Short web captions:

☆ ☆ ☆ ☆ ☆ ☆ ☆

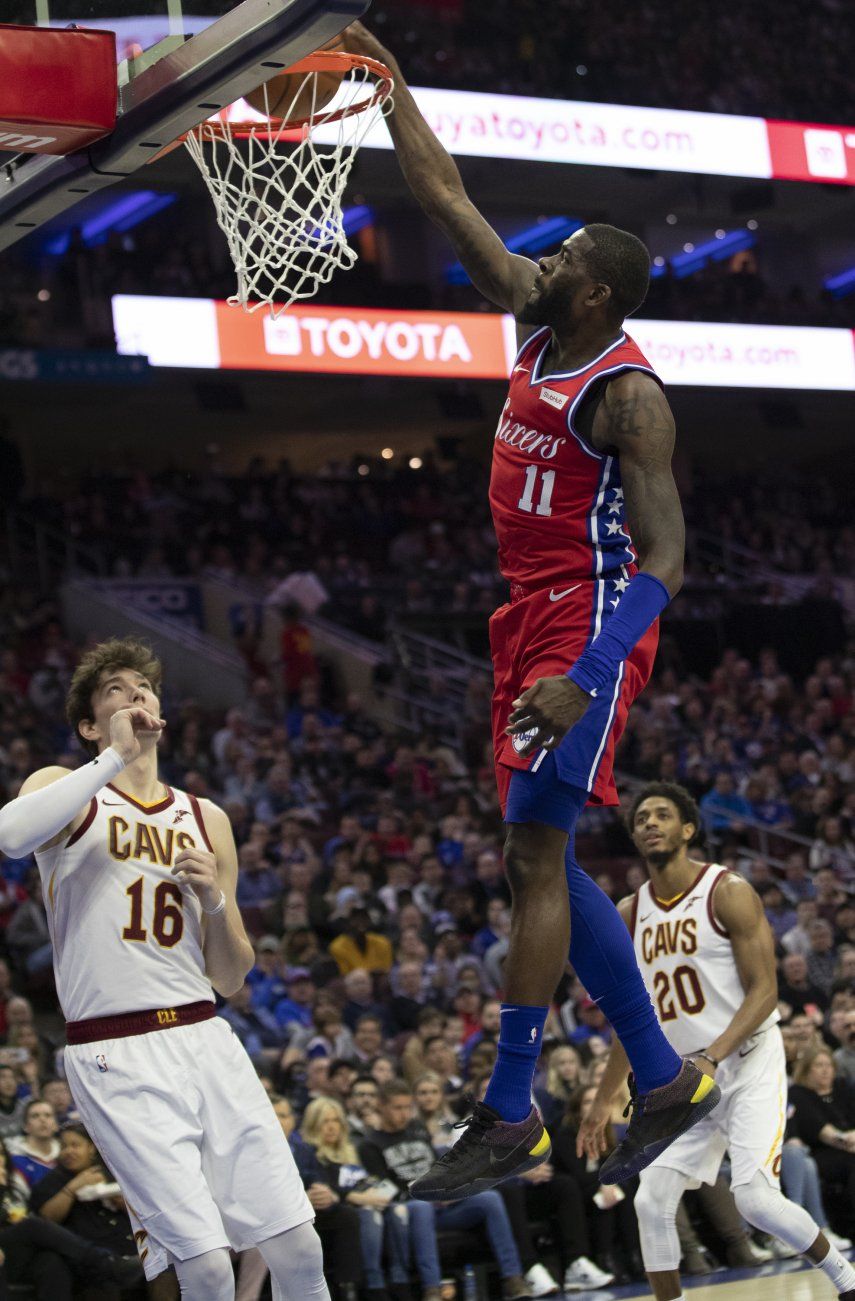 Simmons y 76ers se llevan susto pero vencen a Cavs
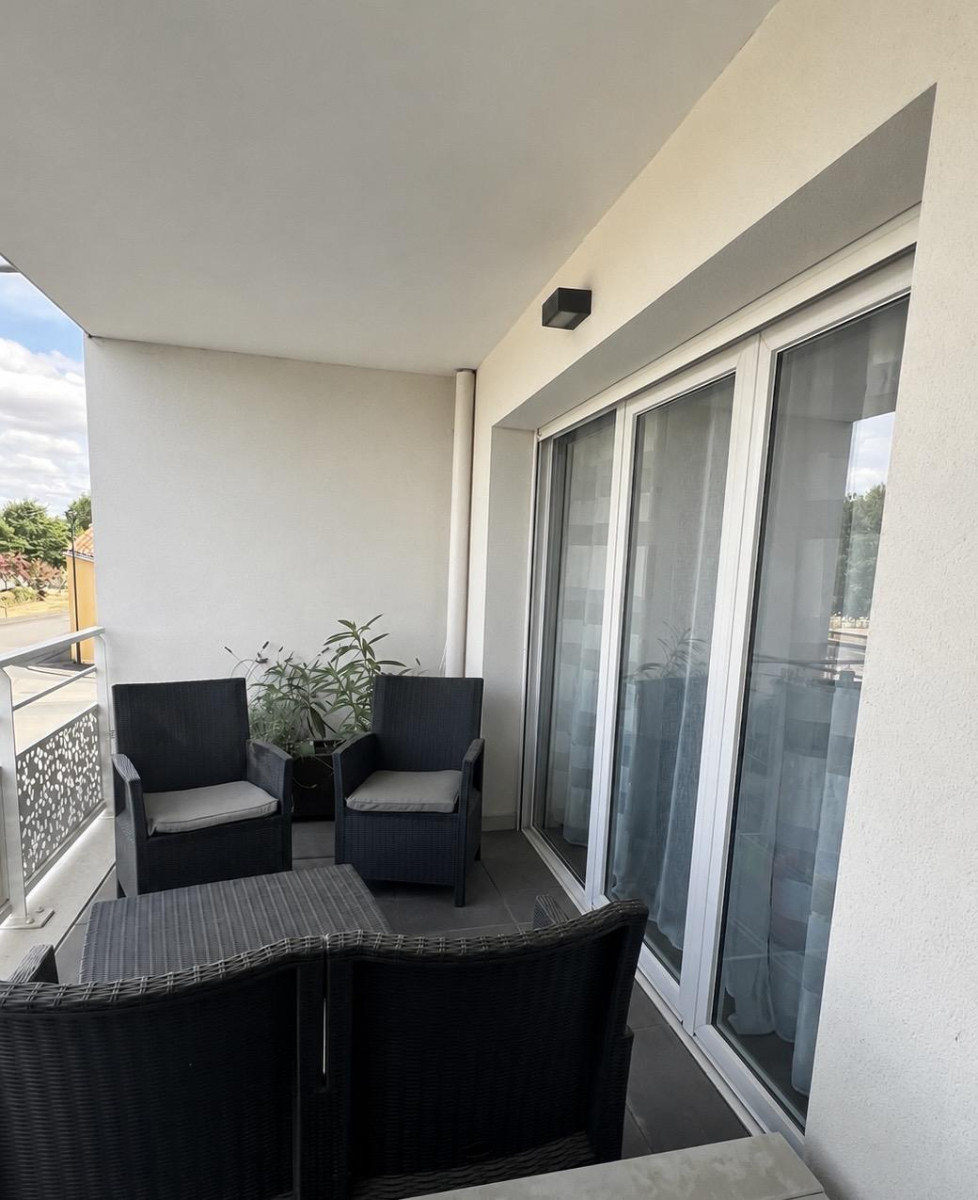 
                                                Location
                                                 À louer – Superbe T2 meublé de 40 m² avec loggia
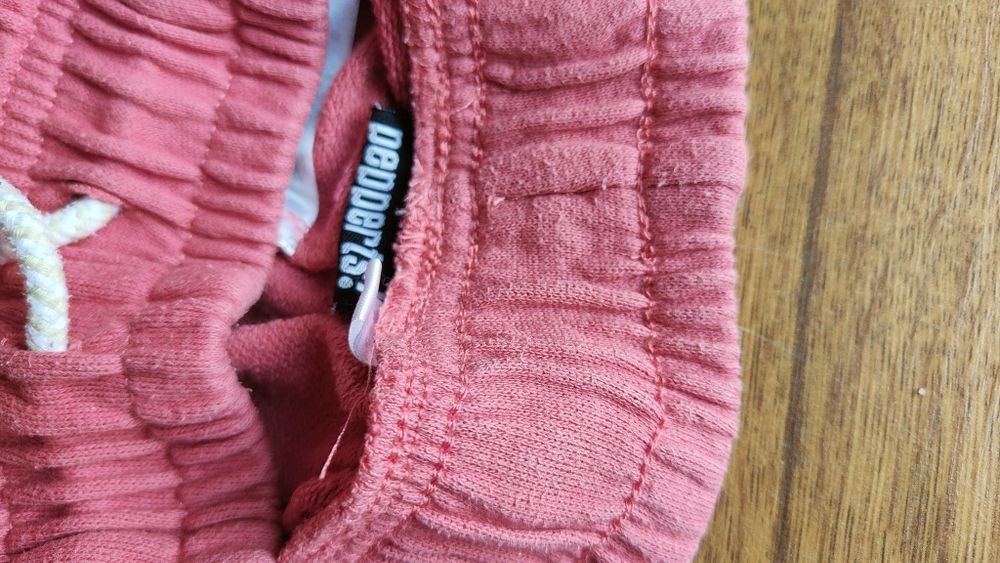 Spodnie dresy dla dziewczynki 134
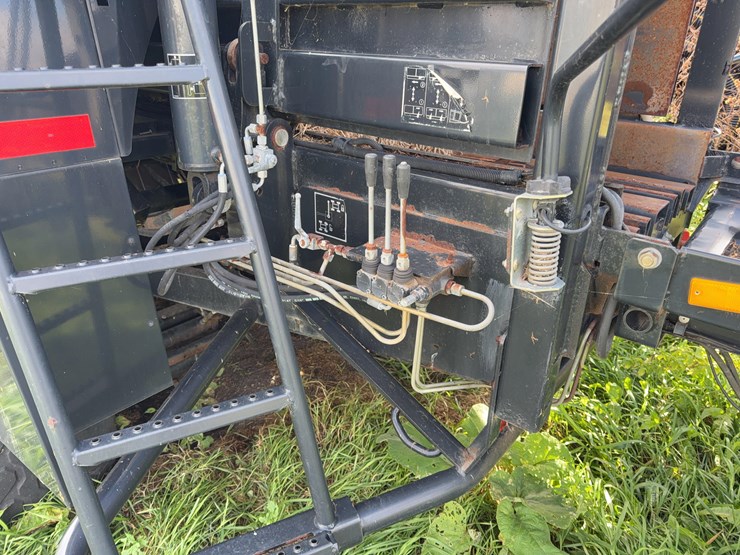 2009-new-holland-bb9060-image-11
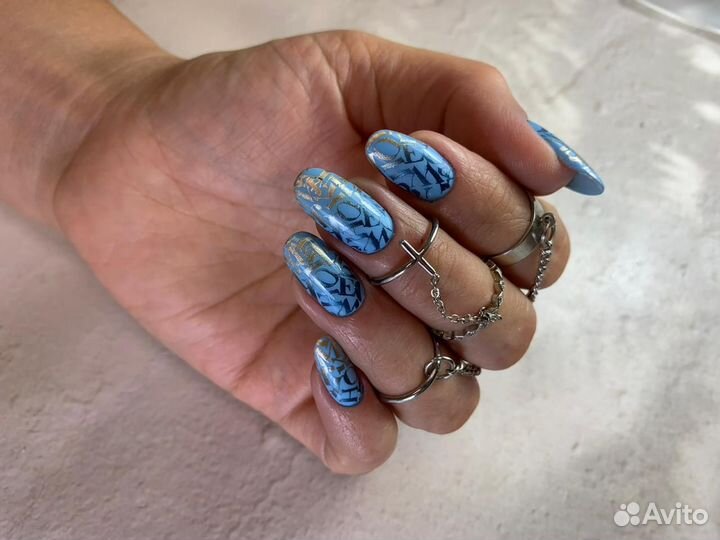 Маникюр бесплатно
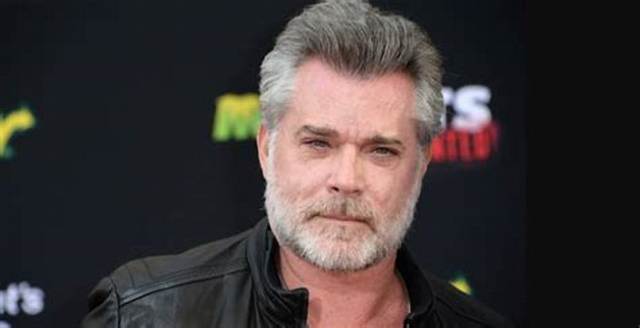 Ray Liotta Height, Weight, Body Measurements, Shoe Size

☆ ☆ ☆ ☆ ☆ ☆ ☆

#### WHAT TO DO:
Starting at the line that contains "2009-new-holland-bb9060-image-11", reproduce exactly and only the lines through the end of the entries above, with the pictures excluded.

#### WORKED SOLUTION:
 2009-new-holland-bb9060-image-11
 Маникюр бесплатно
 Ray Liotta Height, Weight, Body Measurements, Shoe Size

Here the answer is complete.